WHAT THE TASK REQUIRES
Reproduce each line, exactly, from the one containing "8980 S HOLLYBROOK" through the end of the material. Exclude pictures.

[MATERIALS PROVIDED Boundary: Start]

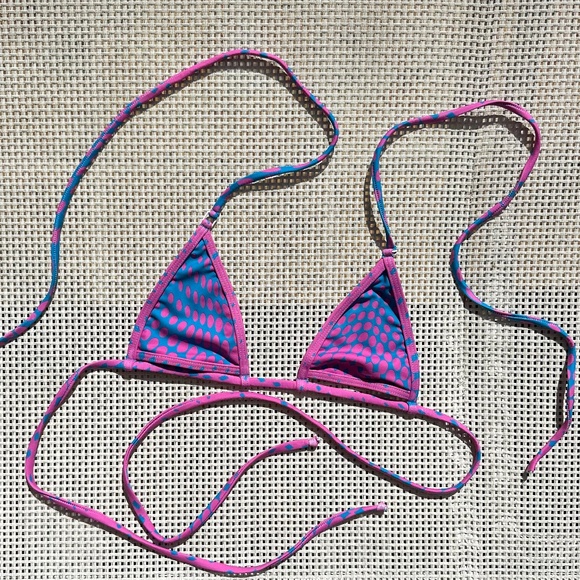 Minimale Animale Cut out Top - Picture 2 of 3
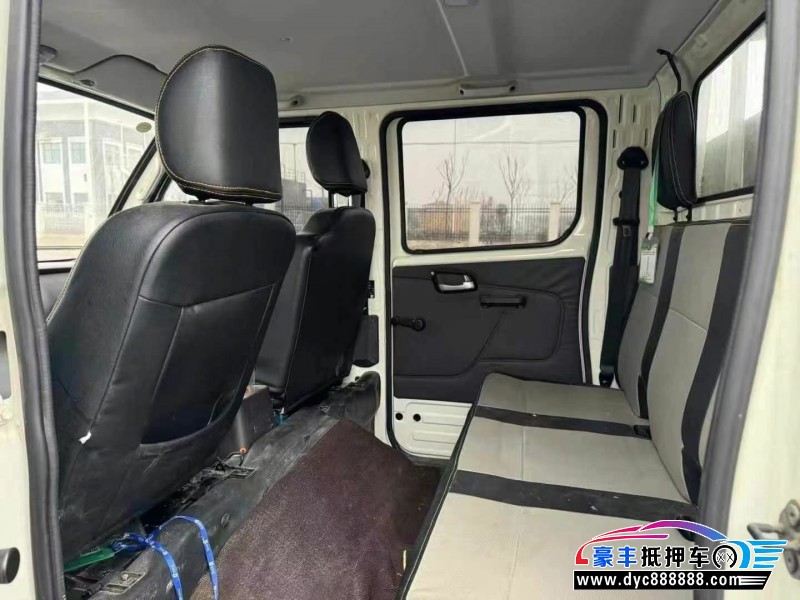 23年福田祥菱轿车抵押车出售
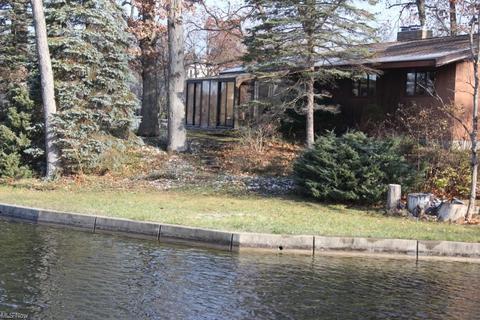79 Whitefriars Dr, Akron, OH 44319 photo 2
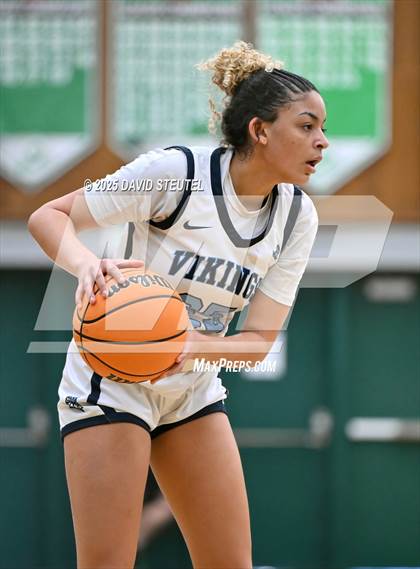 Thumbnail 2 in La Jolla Country Day vs. Pleasant Valley (St. Mary's MLK Classic) photogallery.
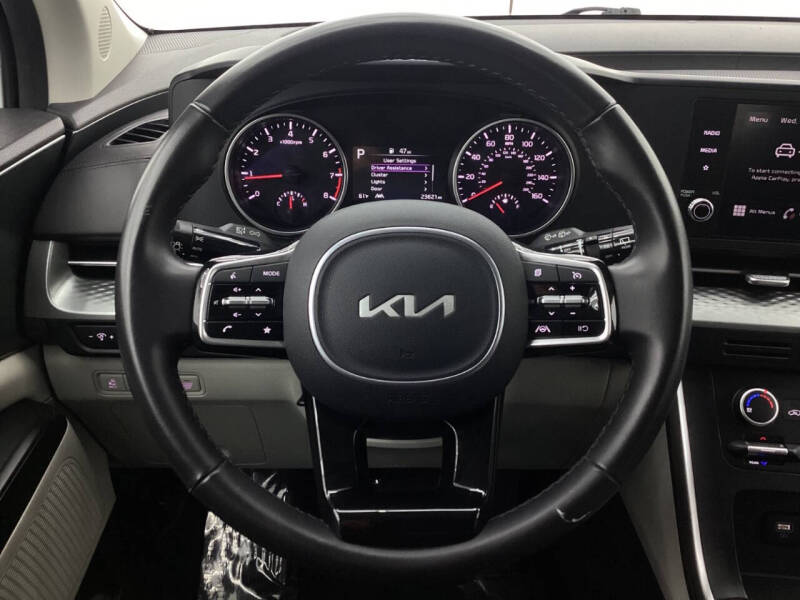 2023 Kia Carnival LX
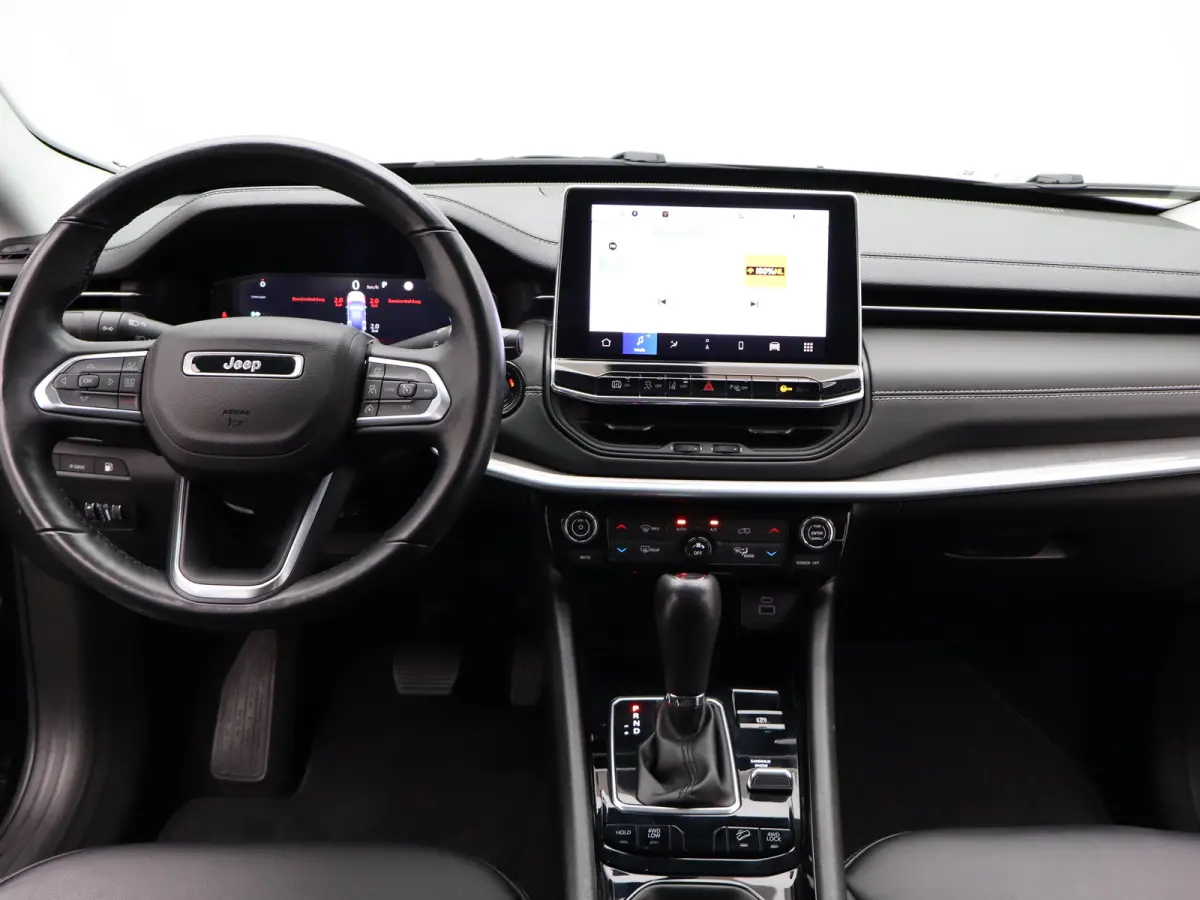 4xe 240 Plug-in Hybrid S | Leder | Navi | Adaptieve cruise | Camera | Elek. klep | Keyless | PDC V+A | Stoelverwarming |
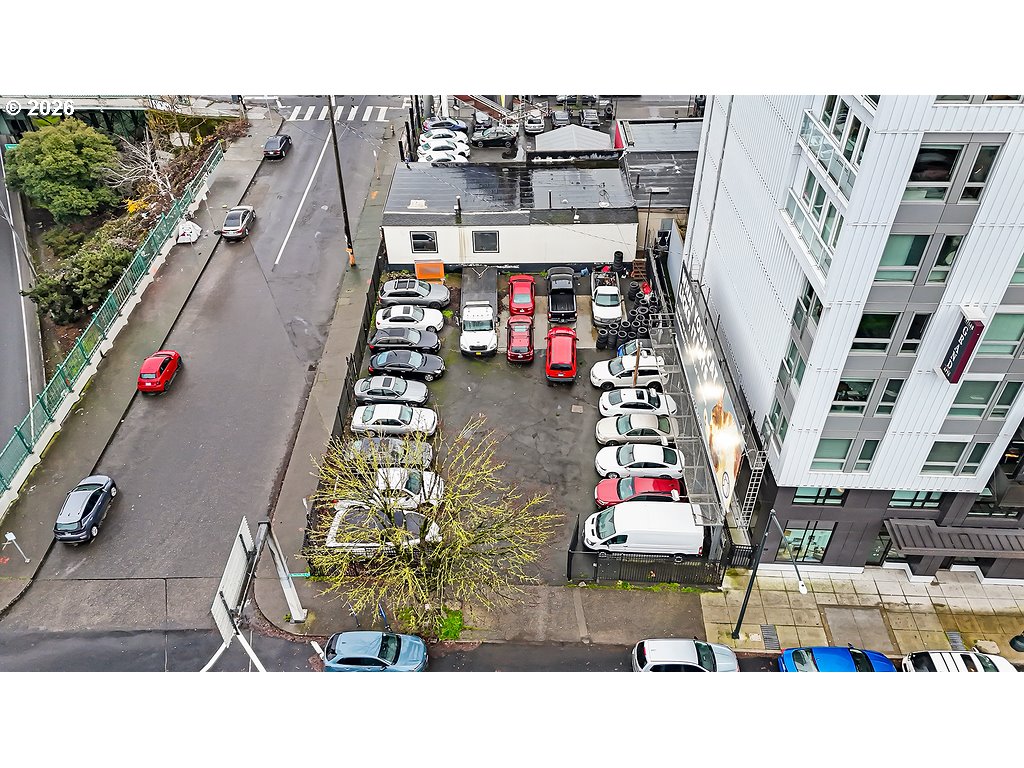 240 NE M L KING BLVD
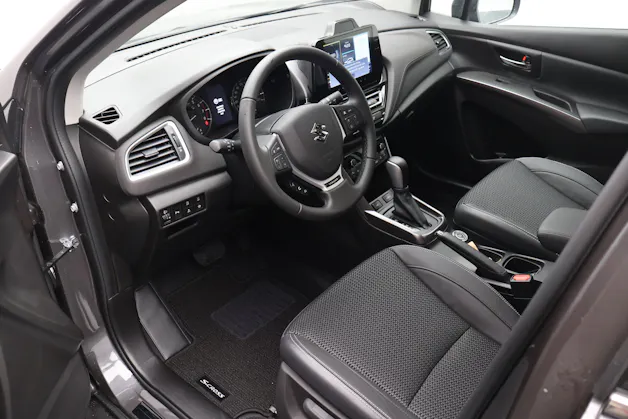Suzuki S-Cross 1.4 T Sakura Top Hybrid 4x4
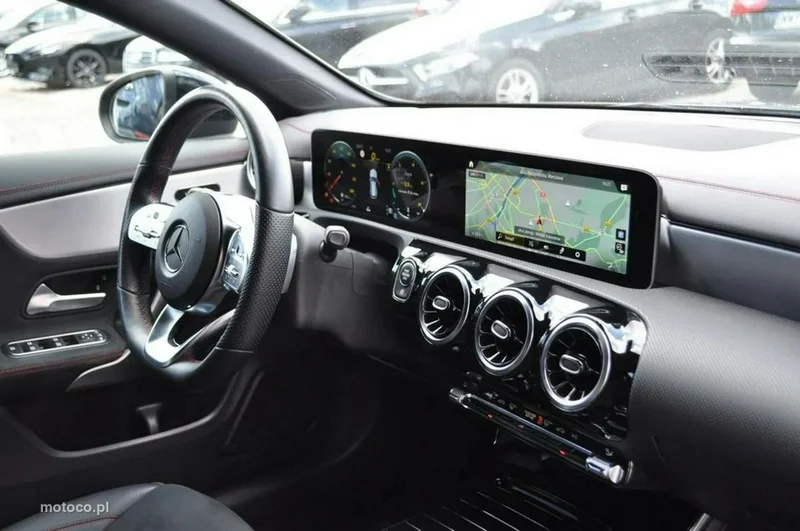 Mercedes-Benz CLA C118 200 35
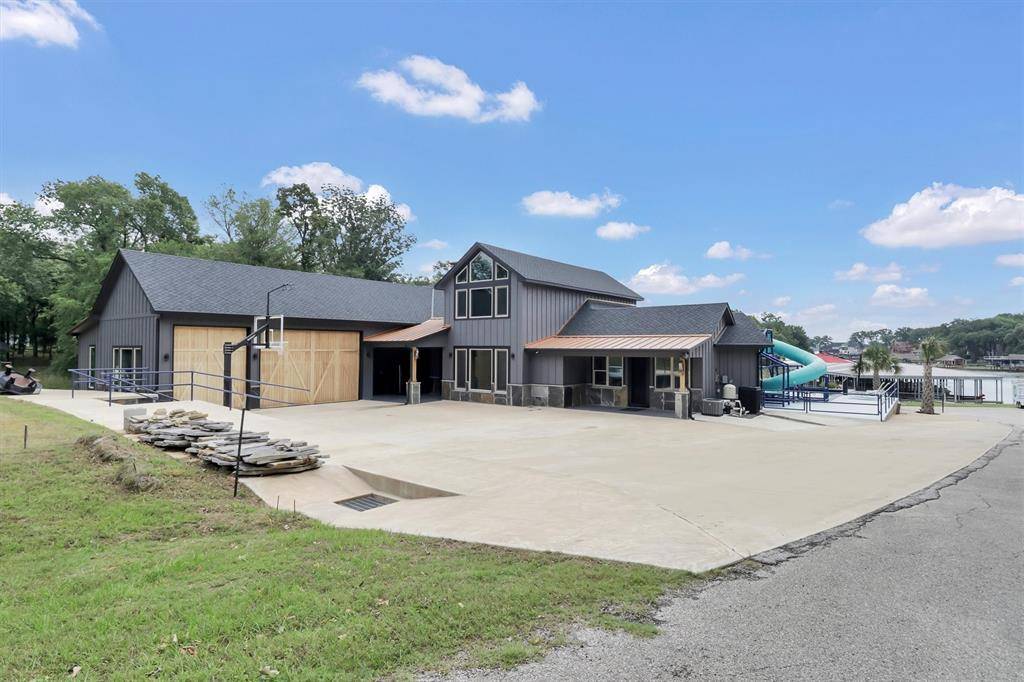 5000 Esquire Estates Road, Mabank, TX 75156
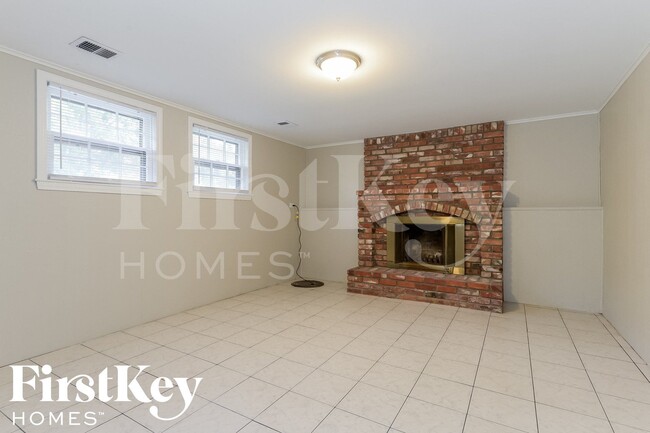 Building Photo - 909 NE 81st St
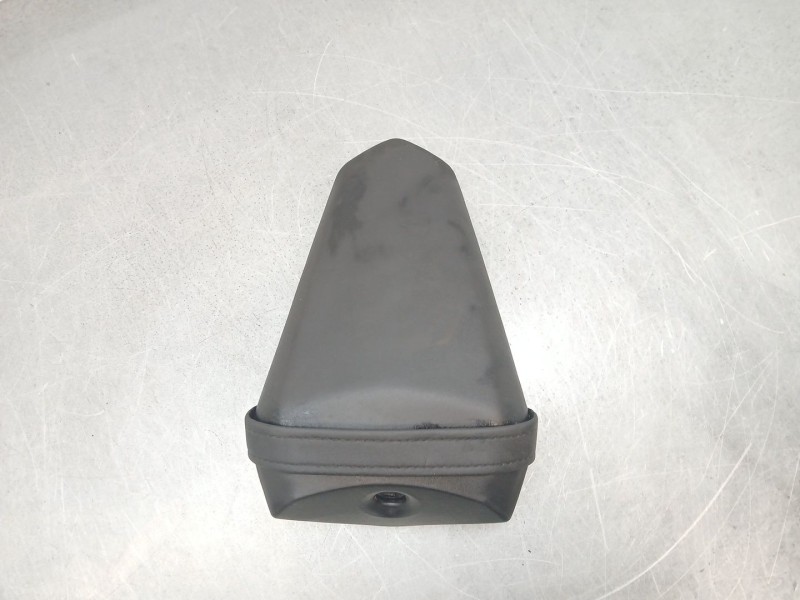 Recambio de asiento trasero medio para yamaha r7 referencia OEM IAM BEB247500000  BEB247500000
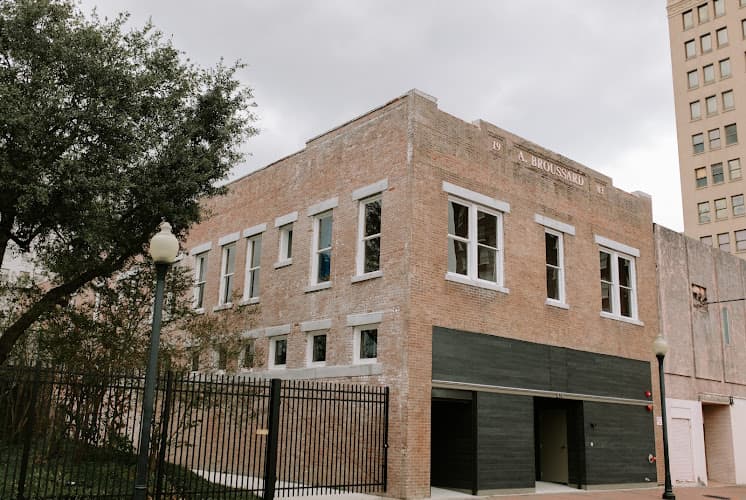 434 Fannin in Beaumont, TX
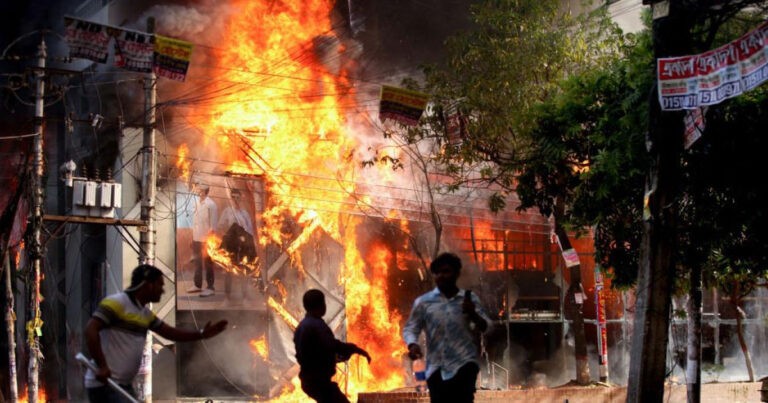 Gambaran Demonstrasi Paling Mematikan yang Meledak di Bangladesh : Warga Turun ke Jalan Hingga Bentrokan Tewaskan  Ratusan Orang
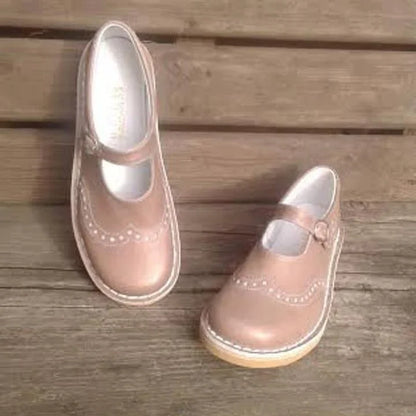 Zyphira – Chaussures en cuir durables et élégantes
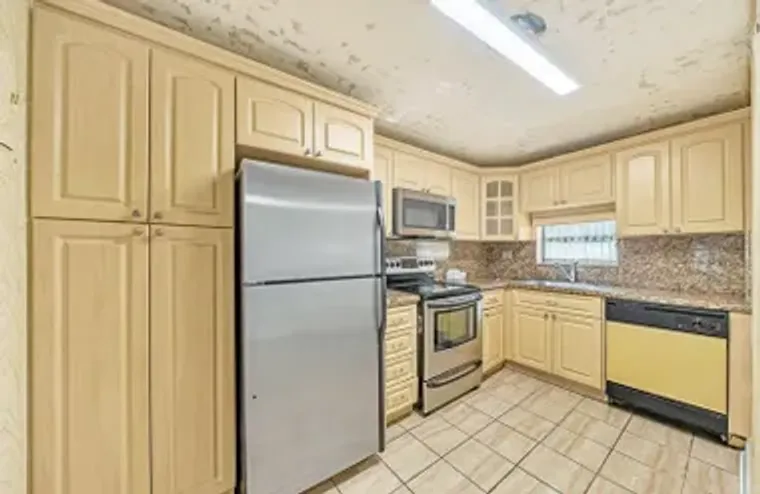 8980 S HOLLYBROOK BLVD 204, PEMBROKE PIN..., Pembroke Pines, FL 33025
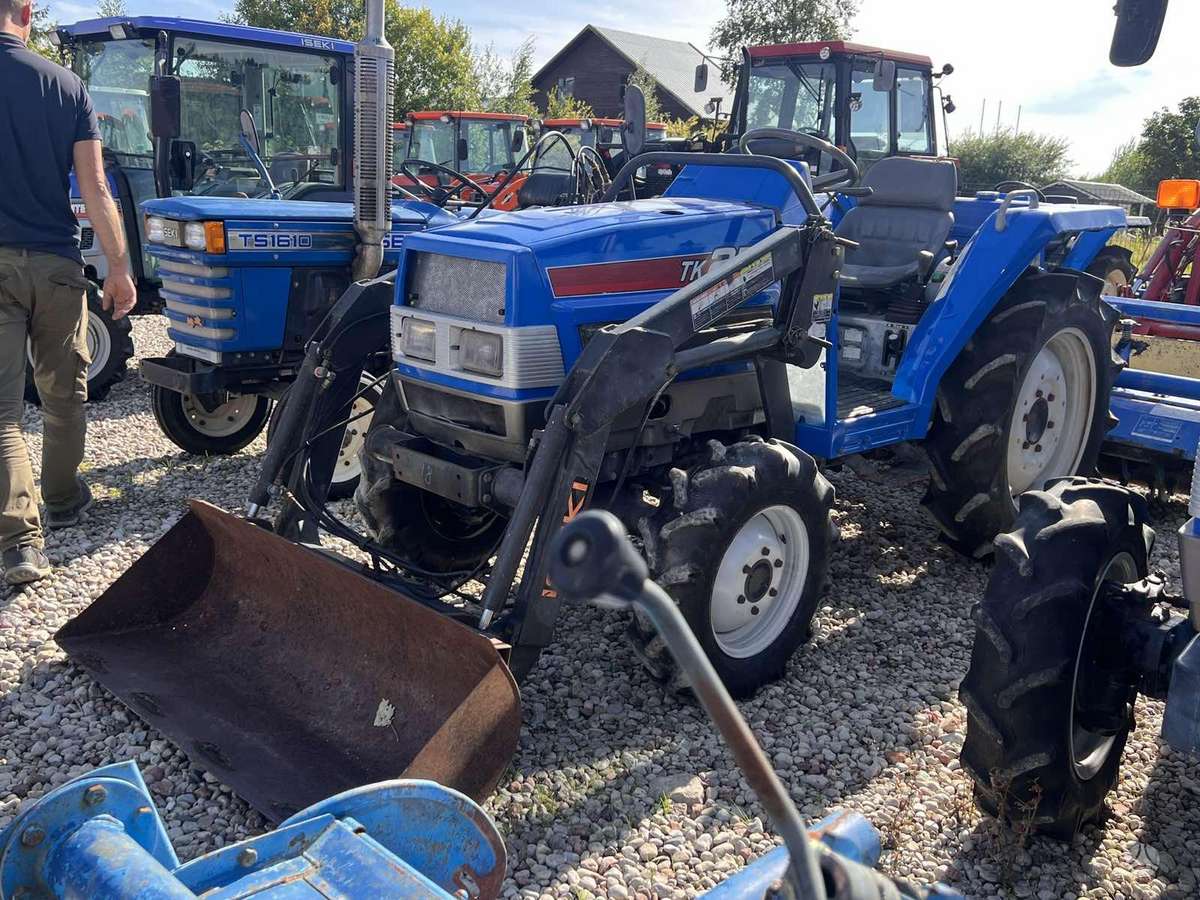 Kubota ĮVAIRIŲ MODELIŲ, tractors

[MATERIALS PROVIDED Boundary: End]

TASK SOLUTION
 8980 S HOLLYBROOK BLVD 204, PEMBROKE PIN..., Pembroke Pines, FL 33025
 Kubota ĮVAIRIŲ MODELIŲ, tractors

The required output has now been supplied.